MAY 27, 1943
WASHINGTON, Wednesday—Yesterday afternoon, I took a streetcar to get to the Social Security Building, where I was to speak at a forum at 4:00 o'clock. I had barely seated myself in the car when a rather breathless voice behind me said: "You are Mrs. Roosevelt, aren't you?"
Turning around, I saw a very pretty young girl and, after I admitted that I was myself, she told me she was on her way to see her brother at a southern camp and had stopped off for the day in Washington. She had wanted to see the White House, but unfortunately it was closed. She found many changes since her visit of a year ago. It was harder to get into government buildings and many places were closed, she said. Nevertheless, she seemed to think that her stopover had been worthwhile.

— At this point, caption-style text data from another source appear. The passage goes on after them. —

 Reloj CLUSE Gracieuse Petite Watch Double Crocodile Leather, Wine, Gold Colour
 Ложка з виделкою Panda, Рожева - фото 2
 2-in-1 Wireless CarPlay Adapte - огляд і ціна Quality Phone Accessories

Then the boy beside me shyly exhibited a pin. I realized it was something to be proud of, but I could not recognize what it stood for and he finally had to explain that it was given to blood donors, and he added: "I would have gone long ago, but I thought it would be a very terrifying experience. I found it quite easy, however, and I won't be at all worried to go again. Besides, they give you a cup of coffee free and when you have been there three times, you get a silver pin."
I told him I had not had time to wait for the cup of coffee, but I was quite able to endorse the fact that it was quite an easy and painless way to do one's bit for the war, and an extra little bit which almost anyone can do in addition to his regular job.

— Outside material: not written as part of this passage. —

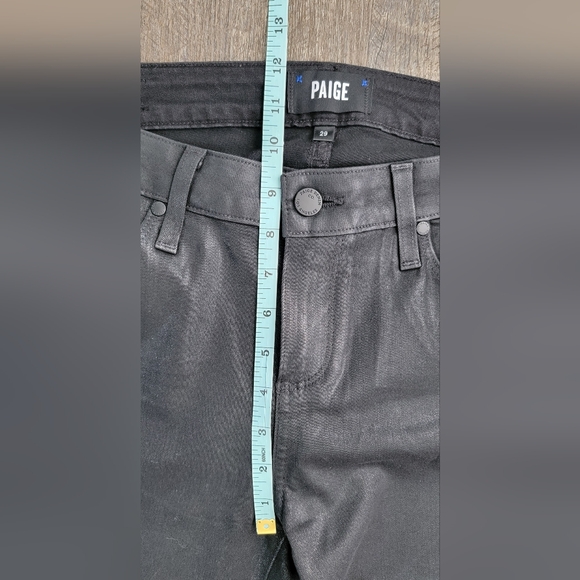 Paige Verdugo Ultra Skinny Ankle Jean's Women's 29 Sterling Black Luxe Coating - Picture 8 of 13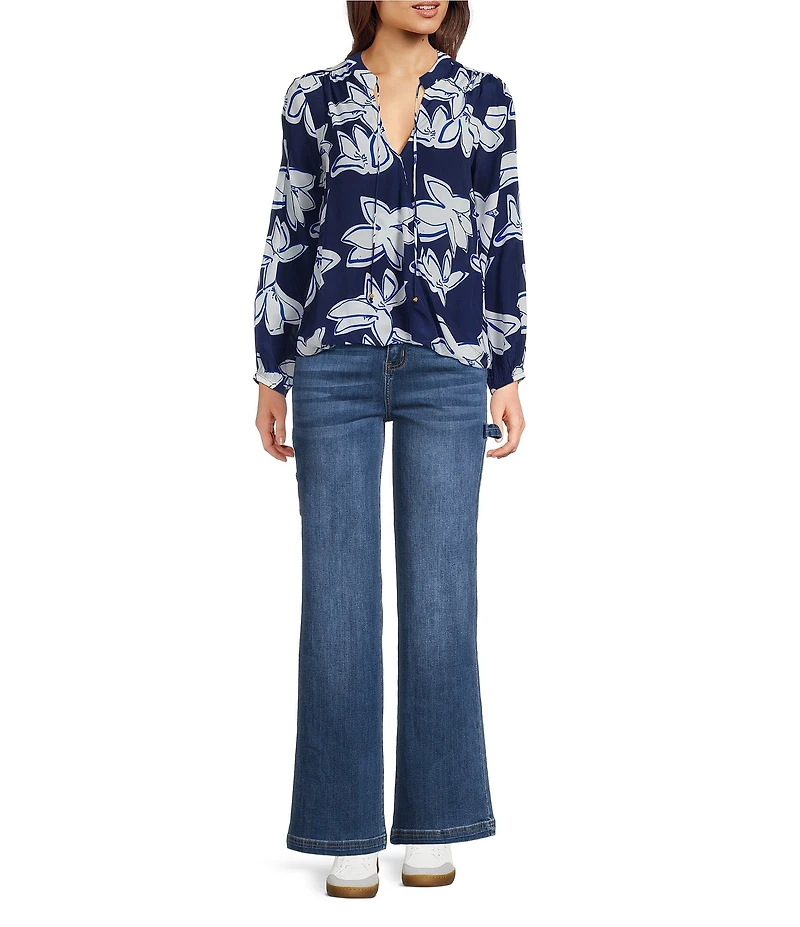 APNY Woven Floral Print V-Neck Long Sleeve Tassel Top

After the forum, I started to take a streetcar back, but a taxi with three passengers already in it, hailed me and they asked me if I did not want to ride with them. I accepted gratefully and had a nice talk with my fellow passengers. One girl had been at the forum, and so I suppose she had kindly suggested they pick me up. I was dropped at the Treasury and walked home.
Our old friend, Mrs. Lewis Thompson, spent the night and this morning. She brought in two very interesting people to discuss employment problems. I feel sure that the work they are doing will be of great value in the future.
Miss Bertha Swindell, of Baltimore, Md., brought me a portrait which she painted of the President, the other day. It was done entirely from photographs, because she only had an opportunity of observing the President one day at lunch. I think it is really a very good portrait.
I find, however, that this question of photographs and portraits is a very difficult one, for what satisfies one person is anathema to another. It is difficult to reproduce all the varying moods of any human being so the reproduction will be to everybody the person they have known.